What Commitment Levels Actually Are
Solana apps essentially have three confidence tiers to pick from when they look at the blockchain: processed, confirmed, and finalized. These are commitment levels. In fact, every single time your app asks a Solana RPC node for something, there's a commitment level attached, because the setting answers one simple question: how convinced do you need to be to feel confident what you are reading is final, not going to change, right now?
Commitment levels are just like how you think about package tracking. Processed is the "shipped" notification. It's on its way, but you still don't know if it will actually get delivered to you. Confirmed is the "out for delivery" notification.
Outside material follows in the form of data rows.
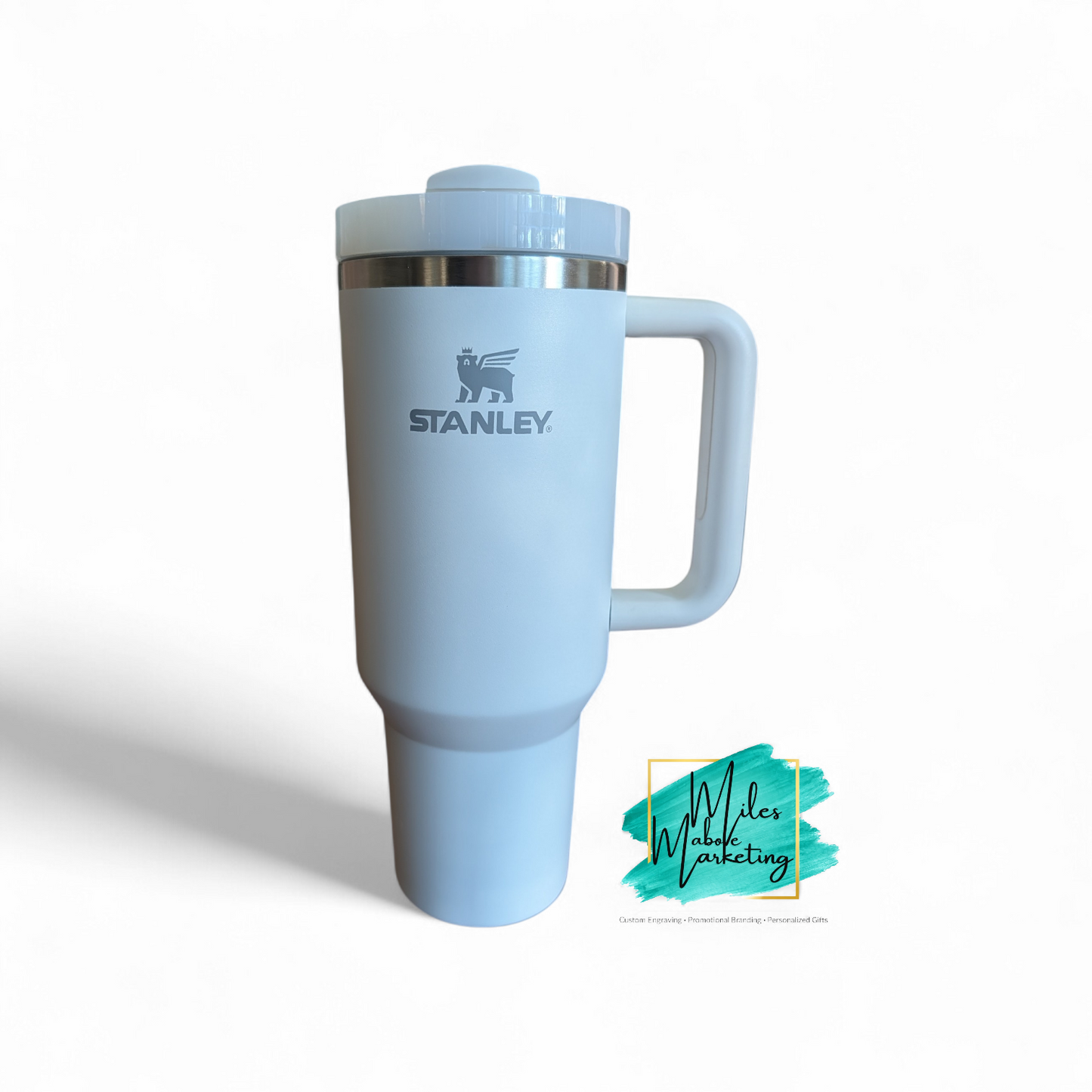 Stranger Things 40oz Engraved Stanley Tumbler - Custom Fan Gift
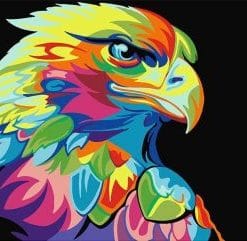 Colorful Eagle – Birds Paint By Number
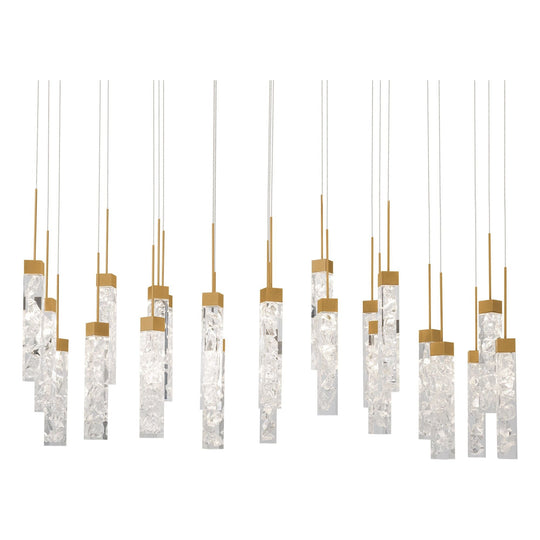 Minx 23-Light 54" LED Linear Multi Pendant
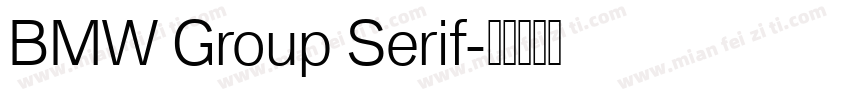BMW Group Serif字体转换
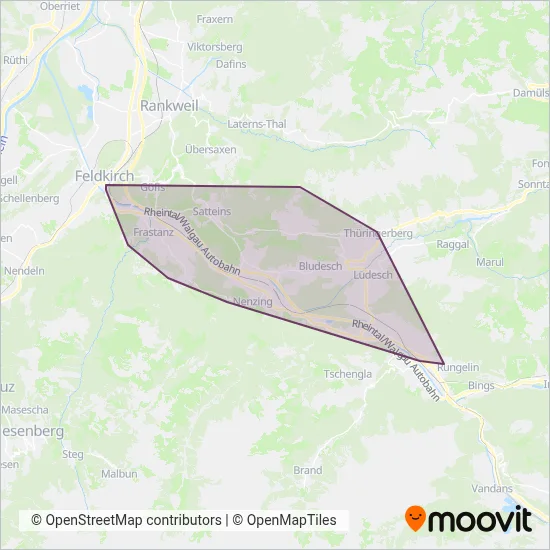 Landbus Walgau Verbundsgebiet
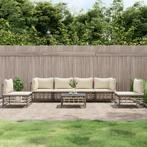 vidaXL 7-delige Loungeset met kussens poly rattan, Verzenden, Nieuw, Rotan, Loungeset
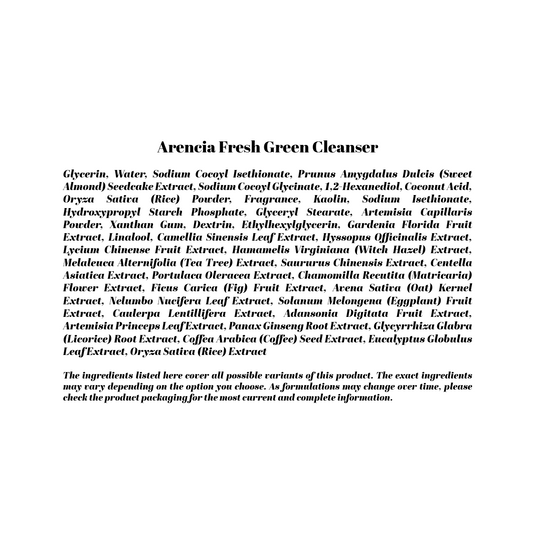 Arencia Fresh Green Cleanser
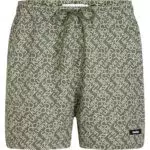 Calvin Klein Pantaloncini da Bagno Medium Drawstring-Print Km0Km01120
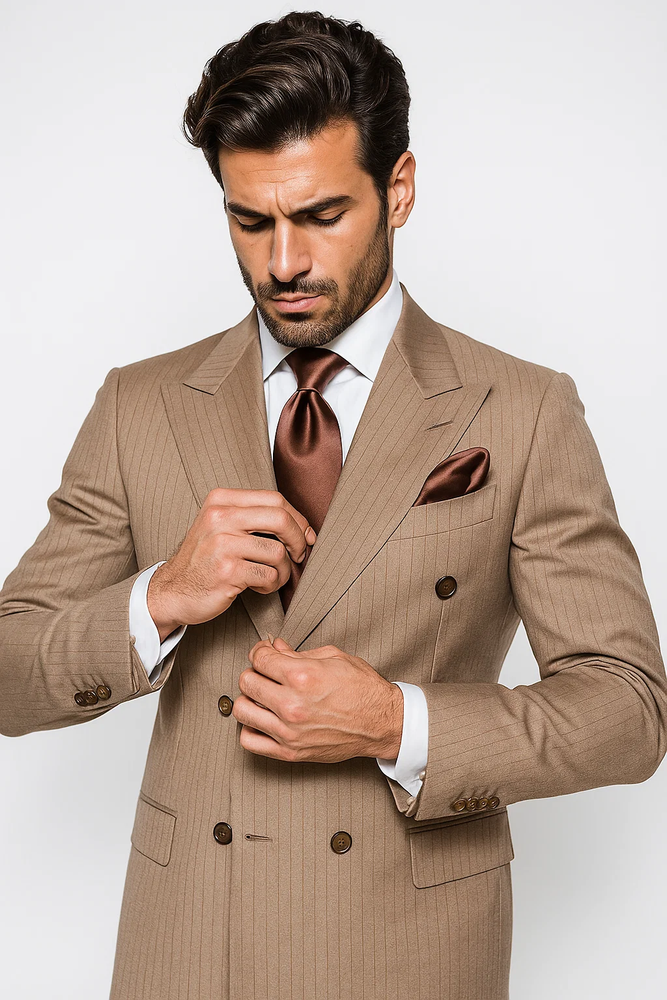  Light Brown with Brown Pinstripe Color by Rossiman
It is on its way to you, and it almost certainly will end up there. Finally, finalized is the delivery guy sending you a picture of the box outside your door. You know the package arrived! This is the most trustworthy status. It is also the slowest way to reach it.
What Each Commitment Level Means
Processed is when the RPC node your app connected to sees your transaction landed in a block and has executed it locally. It takes one slot, about 400 milliseconds. However, the node's block is on the chain that it is currently following. Solana forks a lot of times, especially at slot boundaries. Processed transactions are not always permanent, and they can get wiped away if the network stops following the block. You can think of it as a preview, not the reality.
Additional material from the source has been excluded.